I had lots of problems with the lugs like you said. it was in the snow and uneven ground. maybe that was eating up some of my slack??


----------



## Cidertom

I removed and replaced rear tire when I put new bearings in the pivot.  I did a version of what Don suggests.  After jacking and loosening the tension (both on the rear and the drive sprocket)I was able to use a pair of small ratchet cargo straps (1" version) to pull the track back and up.  Wheel came of easy, putting back on was a female dog.  One strap was to the cargo rail on the trac, the other was to the trailer it was sitting on.  Doing it alone didn't help.


----------



## Snowtrac Nome

as a note to self I have never tried it it may help to re install the tire deflated it would give you a little more room to work. funny how with a little practice it works pretty good I'm down to about an hour to replace a rear tire including the time to repair it.


----------



## JimVT

wished I had one to replace


----------



## Snowtrac Nome

I think I can find you one let me get back with you after christmas


----------



## JimVT

steel 5 lug is what I need my cast one cracked.


----------



## Reddog

Any thoughts on foam filling? I know the pros and cons, but in light recreational use, is it really very important?
 The ST came with new 3.50-16 motorcycle tires to replace the 3.50-16 Cheng-Shin MC tires that are currently on it. I imagine they are lighter ply rating than the OE units. In this case, I can see foam filling as another big advantage. 
 Any thoughts??


----------



## Snowtrac Nome

JimVT said:


> steel 5 lug is what I need my cast one cracked.

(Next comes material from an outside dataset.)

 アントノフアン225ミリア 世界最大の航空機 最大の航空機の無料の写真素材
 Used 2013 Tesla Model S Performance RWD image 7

my steel ones cracked that is why I'm back to composites.


----------



## Snowtrac Nome

Reddog said:


> Any thoughts on foam filling? I know the pros and cons, but in light recreational use, is it really very important?
> The ST came with new 3.50-16 motorcycle tires to replace the 3.50-16 Cheng-Shin MC tires that are currently on it. I imagine they are lighter ply rating than the OE units. In this case, I can see foam filling as another big advantage.
> Any thoughts??


 The factory tires weren't much more than a bald motor cycle tire alpine guide makes a 4.50x 16 tire that will work. and is pretty much bullet proof there is no weight on the rear tire it just floats and tensions the track. I see no need to add weight just so I don't have to check air pressure.


----------



## Reddog

Snowtrac Nome said:


> The factory tires weren't much more than a bald motor cycle tire....


  Pretty much what I had thought. I think I will just go with air to begin with and see how it goes. The added weight seemed like a waste since the ST is so comparatively light to begin with.


----------



## JimVT

I remember seeing on  this fourm a few MC tires that were in pretty bad shape.


----------



## Reddog

Heading off this AM to hopefully pick up the ST. I will post pics when I get her home.


----------



## 300 H and H

looking forward to it Doug! lots of pics so we can see what you have...

Regards, Kirk


----------



## Reddog

Got her home and off the trailer. Seems to run and move well, no brakes... 
  If anyone recognizes this rig, let me know. I'm interested in some of the history.





and a few more pics...

http://ImageEvent.com/reddog/1967snowtrac940


----------



## JimVT

give us the number. that brass boggie is off an st4b. But that is good. Did he have a parts one?
 after looking closer it looks like a st4b.


----------



## MNoutdoors RIP

Reddog said:


> Got her home and off the trailer. Seems to run and move well, no brakes...
> If anyone recognizes this rig, let me know. I'm interested in some of the history.
> 
> 
> 
> 
> 
> and a few more pics...
> 
> http://ImageEvent.com/reddog/1967snowtrac940



Maybe it's me but that rear wheel looks small ? That could be one of my old machines  I did sell 4-5 of them some years back Member couchloafer  got a few of them


----------



## Snowtrac Nome

that's a narrowed down snow master I have seen the pics before can't remember where it does have the rare brass boggie also the tracks look a little loose the front wheel should be off the ground. the reason the rear tire looks small is be cause it extends out past the rear by about 12 inches. other wise looks well cared for.


----------



## MNoutdoors RIP

Snowtrac Nome said:


> that's a narrowed down snow master I have seen the pics before can't remember where it does have the rare brass boggie also the tracks look a little loose the front wheel should be off the ground. the reason the rear tire looks small is be cause it extends out past the rear by about 12 inches. other wise looks well cared for.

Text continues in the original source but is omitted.